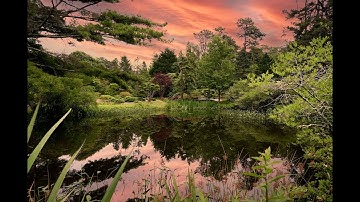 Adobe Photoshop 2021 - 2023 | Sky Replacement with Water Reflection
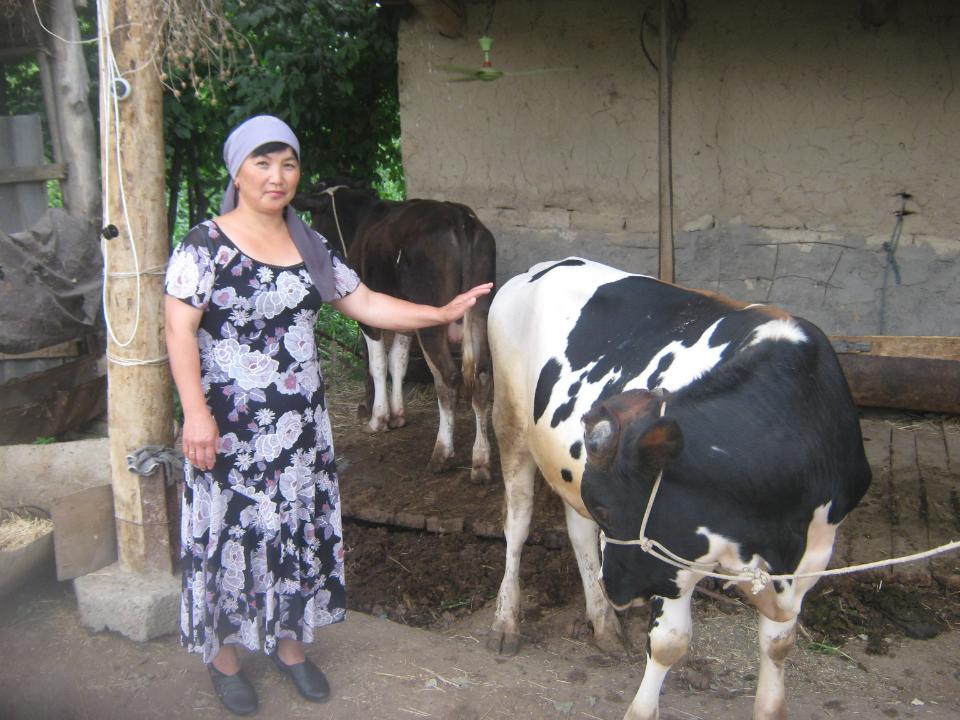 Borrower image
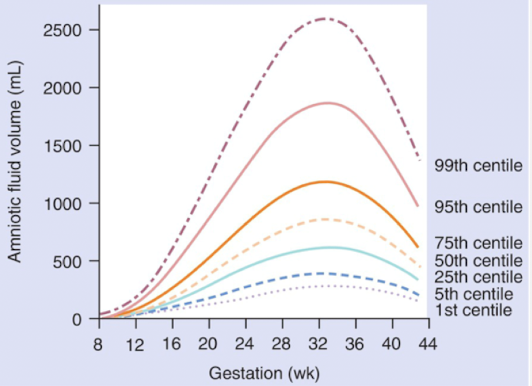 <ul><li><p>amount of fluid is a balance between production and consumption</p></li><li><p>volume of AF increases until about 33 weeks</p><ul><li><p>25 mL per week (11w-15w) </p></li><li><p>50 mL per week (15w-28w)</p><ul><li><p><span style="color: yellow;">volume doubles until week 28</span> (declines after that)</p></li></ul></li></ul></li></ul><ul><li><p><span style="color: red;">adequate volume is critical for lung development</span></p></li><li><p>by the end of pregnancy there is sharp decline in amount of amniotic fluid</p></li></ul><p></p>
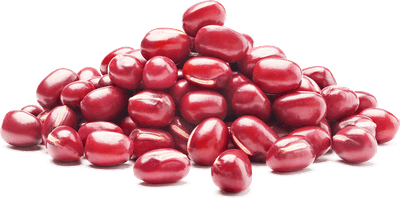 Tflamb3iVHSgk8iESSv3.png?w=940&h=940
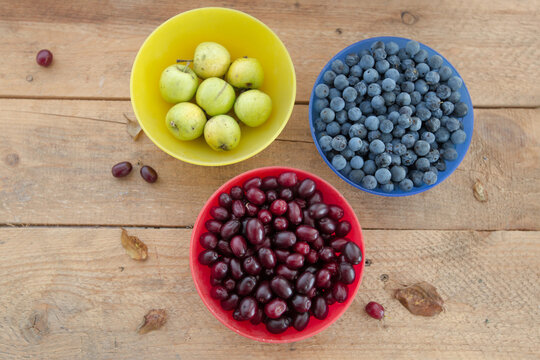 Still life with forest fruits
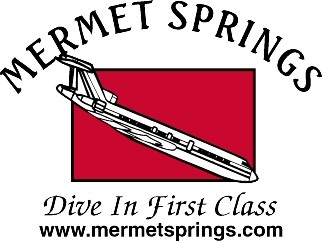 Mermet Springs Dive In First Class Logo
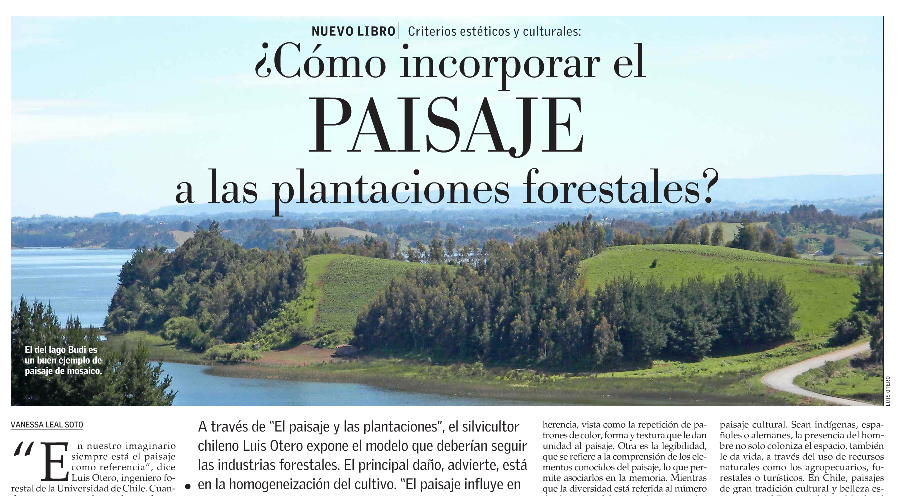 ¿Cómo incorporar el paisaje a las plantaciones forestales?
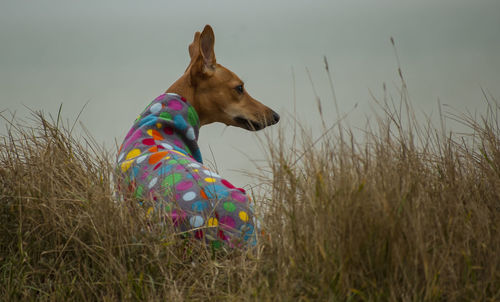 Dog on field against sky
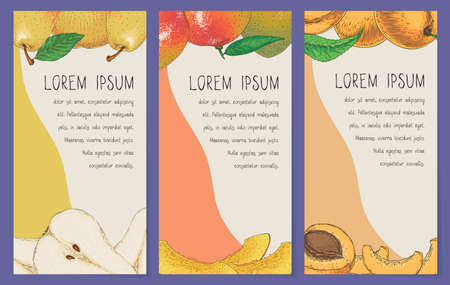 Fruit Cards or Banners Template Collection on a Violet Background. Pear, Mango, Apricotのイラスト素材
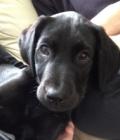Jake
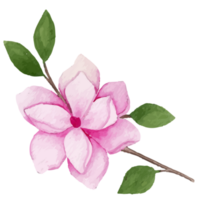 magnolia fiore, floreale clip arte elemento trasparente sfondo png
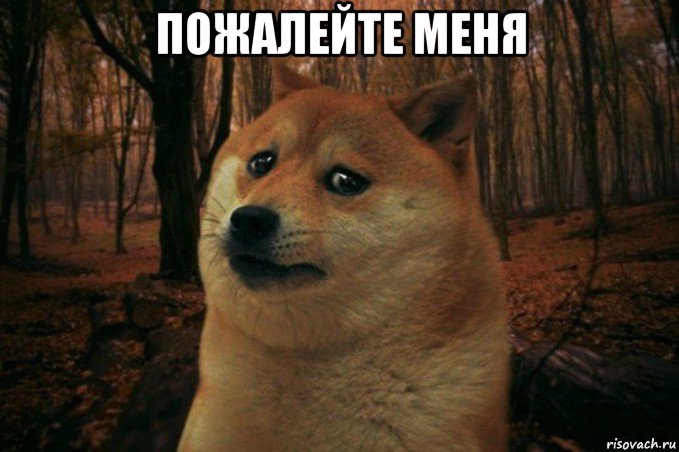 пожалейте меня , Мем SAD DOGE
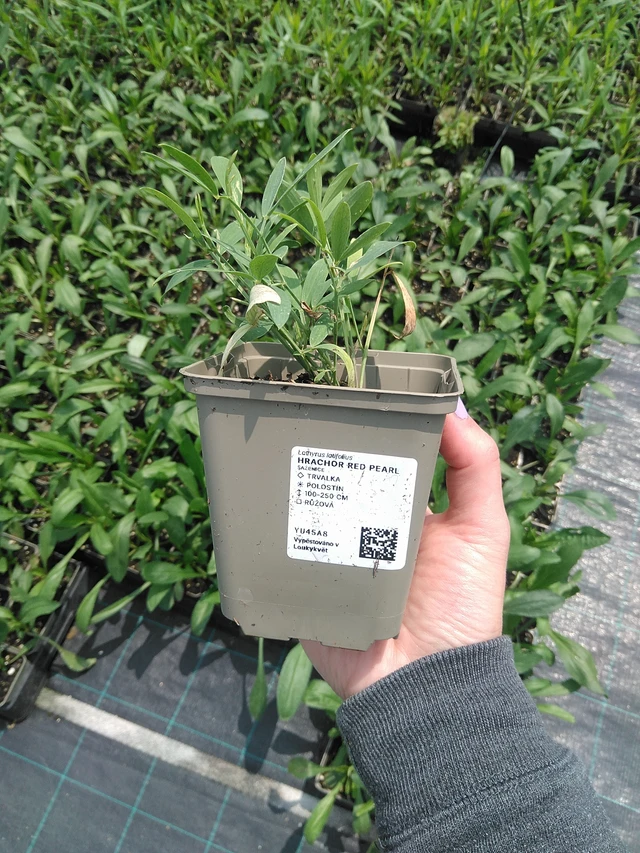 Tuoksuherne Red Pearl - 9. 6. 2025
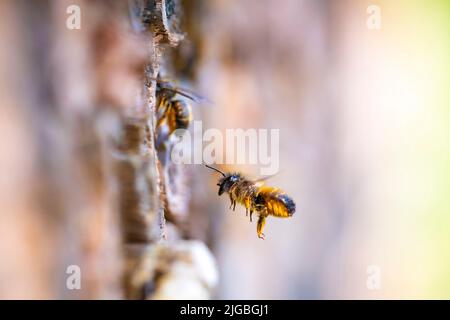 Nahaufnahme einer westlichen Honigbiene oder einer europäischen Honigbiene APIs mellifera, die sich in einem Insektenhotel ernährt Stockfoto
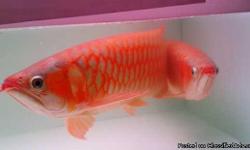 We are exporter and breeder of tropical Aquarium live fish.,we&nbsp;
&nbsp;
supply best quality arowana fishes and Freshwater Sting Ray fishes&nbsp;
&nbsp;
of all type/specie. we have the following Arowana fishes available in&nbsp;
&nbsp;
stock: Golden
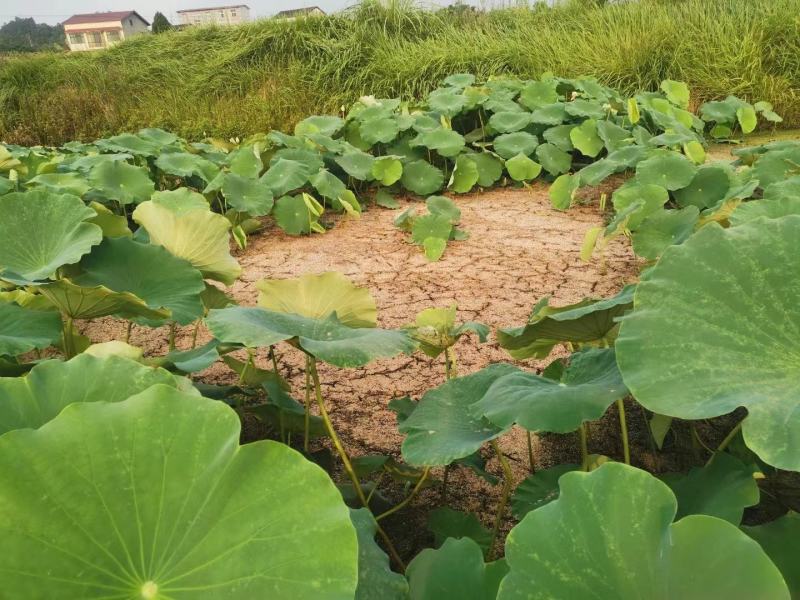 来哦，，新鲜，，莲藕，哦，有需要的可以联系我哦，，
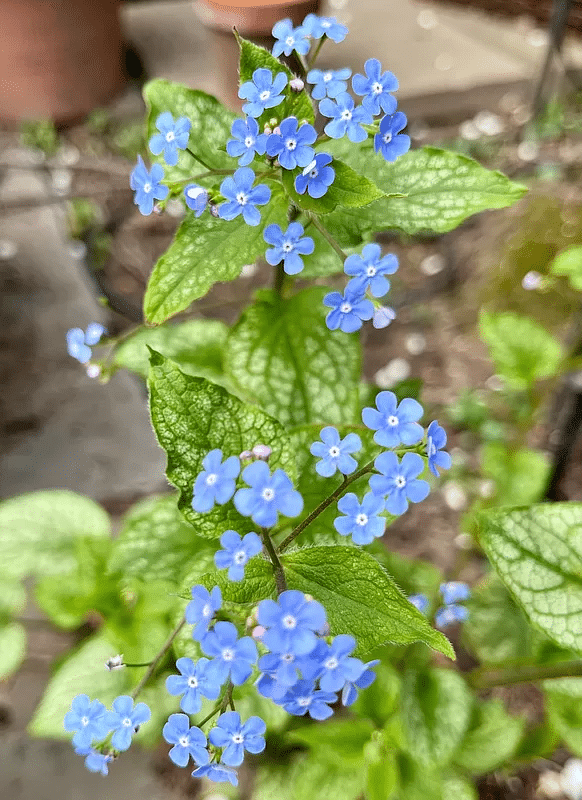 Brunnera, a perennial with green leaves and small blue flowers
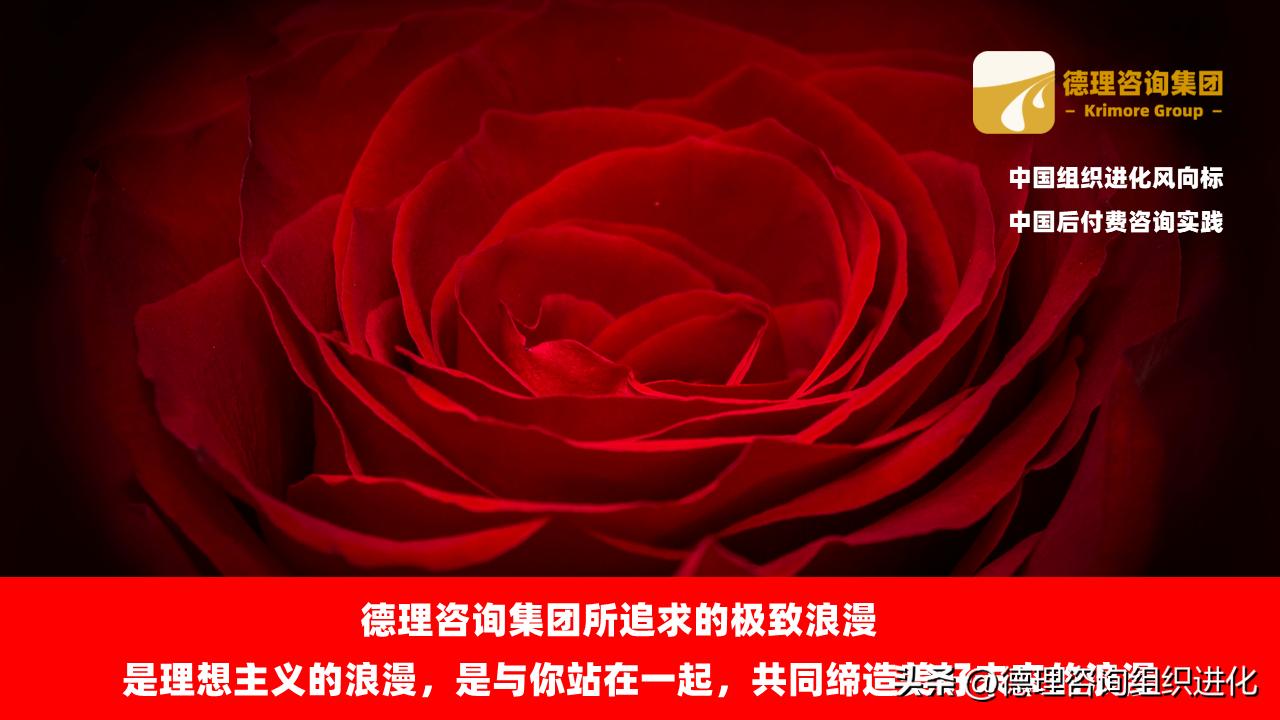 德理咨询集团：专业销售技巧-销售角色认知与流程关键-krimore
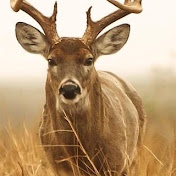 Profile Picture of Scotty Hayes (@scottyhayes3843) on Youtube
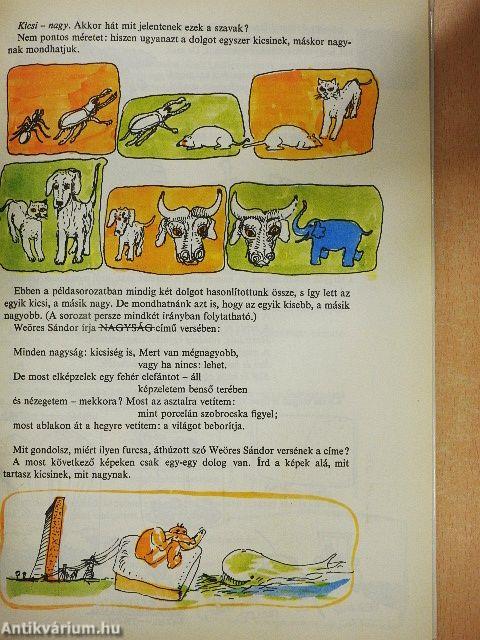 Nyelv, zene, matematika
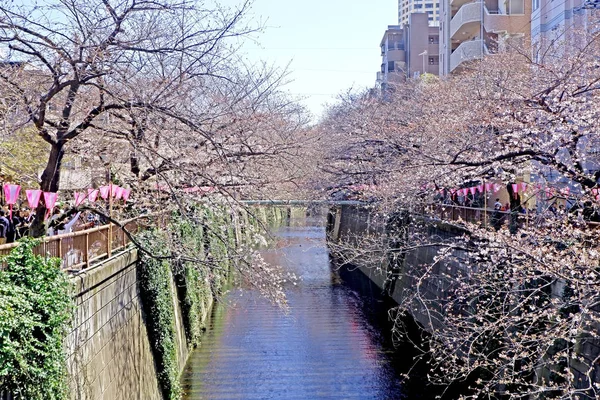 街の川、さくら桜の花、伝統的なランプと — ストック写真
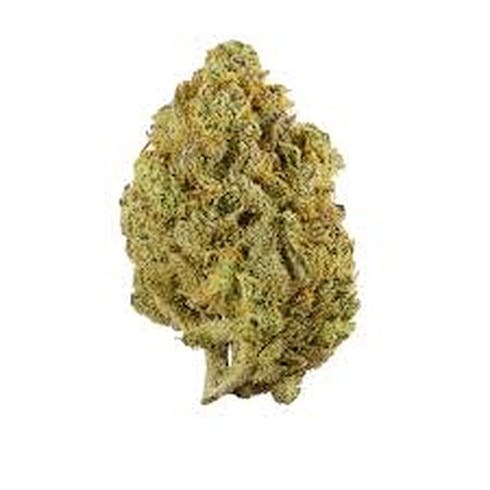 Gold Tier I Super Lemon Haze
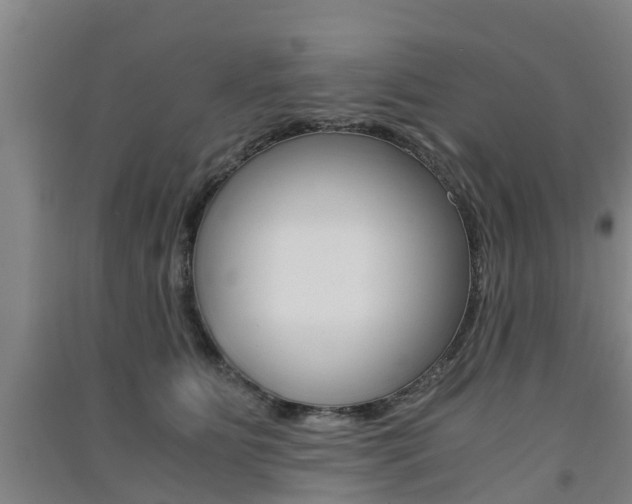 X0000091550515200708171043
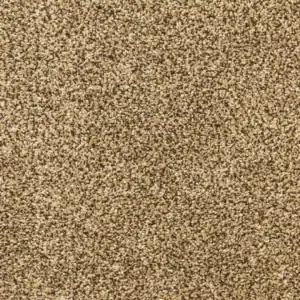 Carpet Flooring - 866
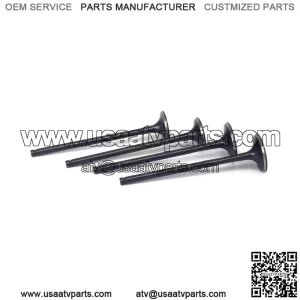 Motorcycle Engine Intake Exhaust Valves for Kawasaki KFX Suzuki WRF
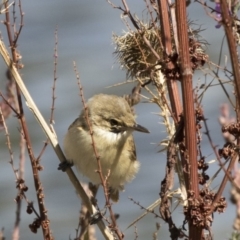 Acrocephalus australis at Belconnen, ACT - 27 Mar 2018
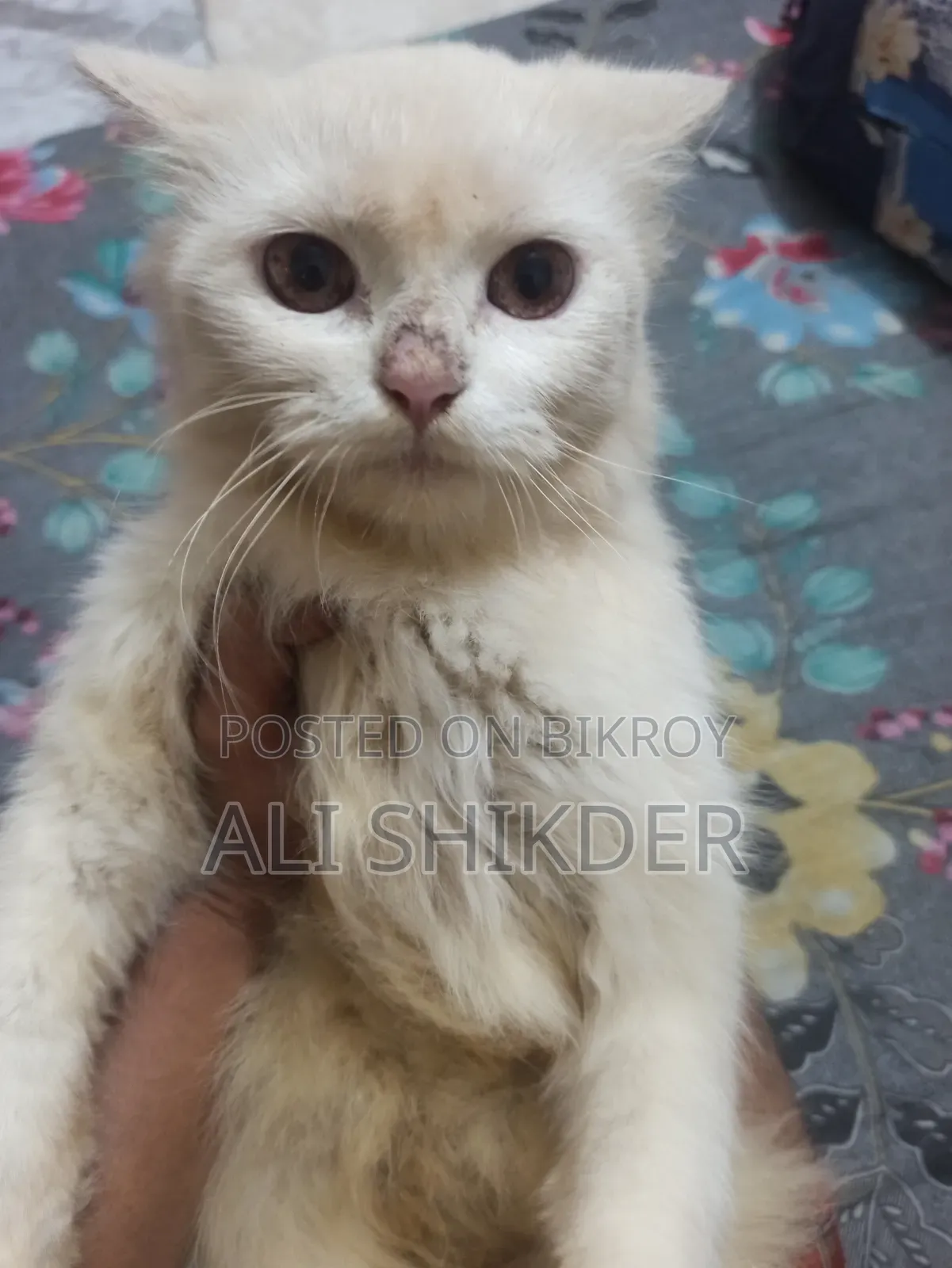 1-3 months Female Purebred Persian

------------------------------

▶ **What you are asked to do**
In the material above, show every line where the word "fishes" turns up.

▶ **Solution for this exercise**
supply best quality arowana fishes and Freshwater Sting Ray fishes&nbsp;
of all type/specie. we have the following Arowana fishes available in&nbsp;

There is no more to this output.